Task instructions |
Please give back the lines from the line containing "Căști Wireless TWS" through the end of the listing below, exactly as written and without pictures.
━━━━━━
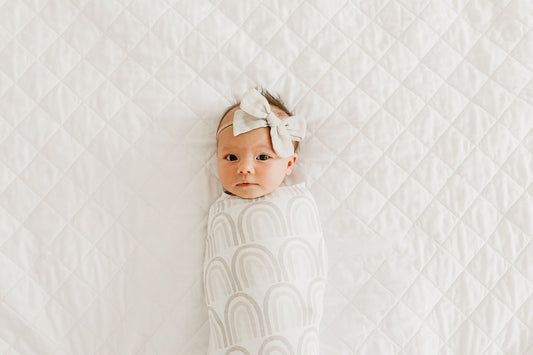 Copper Pearl Knit Swaddle Blanket - Bliss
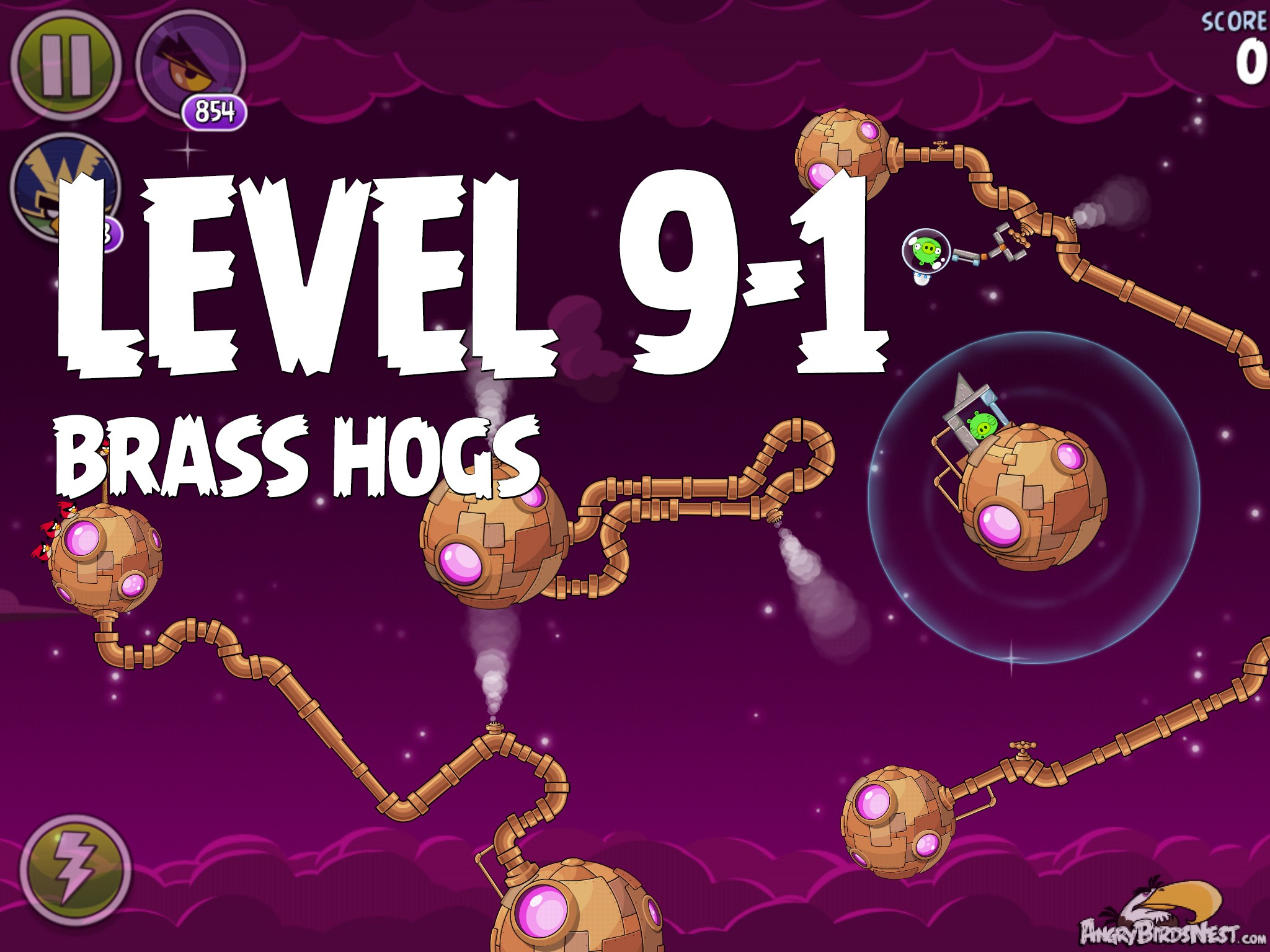 Angry Birds Space Brass Hogs Level 9-1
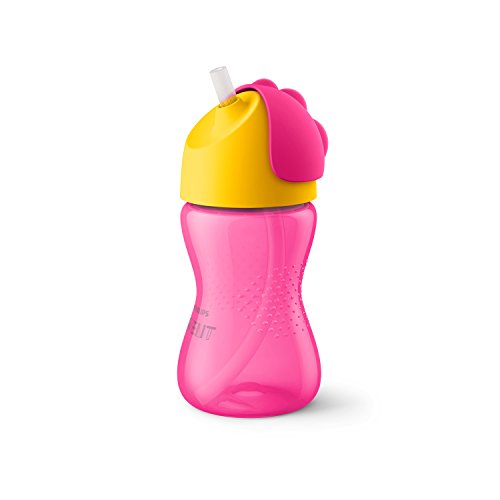 Philips AVENT SCF798 300ml Drinking bottle - toddler drinking vessels (Drinking bottle, 12 mes(es), Rosa, Amarillo, Indonesia, 300 ml, 1 pieza(s))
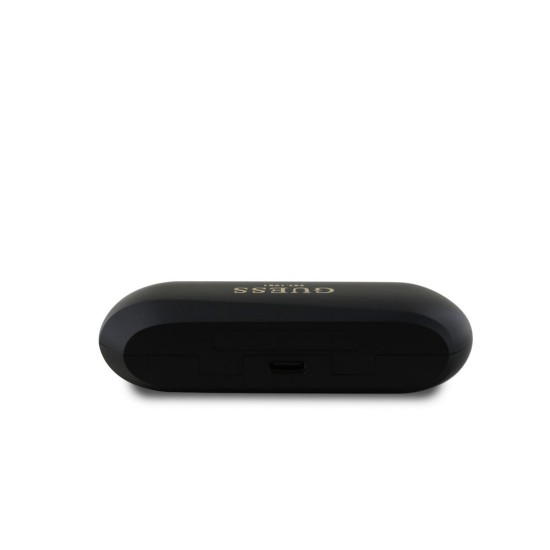 Căști Wireless TWS Guess Elongated Metallic (ENC), Negre (Bakr, GUTWSC2MCDSK) by www.silkase.ro
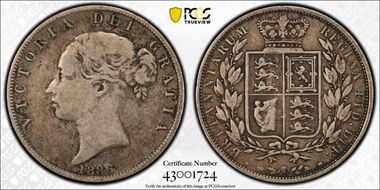 1886 1/2 Cr S-3889 VF25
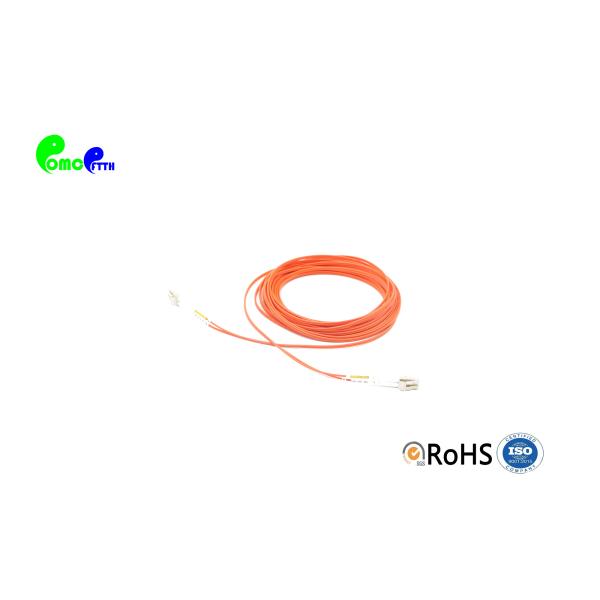 OM2 2.0mm 50 / 125μm 3M LC UPC - LC UPC Duplex Optical Patch Cord LSZH Orange For CATV And CCTV Application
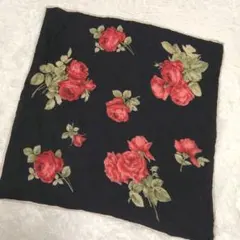 vintage バラ柄　スカーフ　toro pollen marteのサムネイル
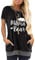 WXDSNH Damen Rundhals-Taschen-t-Shirt Farbblockierender Druck Kurzarm Sommer Allgleiches Lässige Lange Oberteile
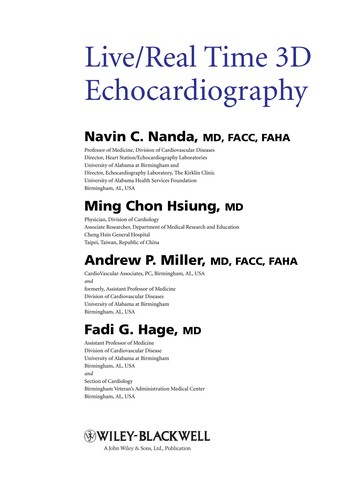 Live/Real Time 3D Echocardiography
━━━━━━
Result of this task |
 Căști Wireless TWS Guess Elongated Metallic (ENC), Negre (Bakr, GUTWSC2MCDSK) by www.silkase.ro
 1886 1/2 Cr S-3889 VF25
 OM2 2.0mm 50 / 125μm 3M LC UPC - LC UPC Duplex Optical Patch Cord LSZH Orange For CATV And CCTV Application
 vintage バラ柄　スカーフ　toro pollen marteのサムネイル
 WXDSNH Damen Rundhals-Taschen-t-Shirt Farbblockierender Druck Kurzarm Sommer Allgleiches Lässige Lange Oberteile
 Live/Real Time 3D Echocardiography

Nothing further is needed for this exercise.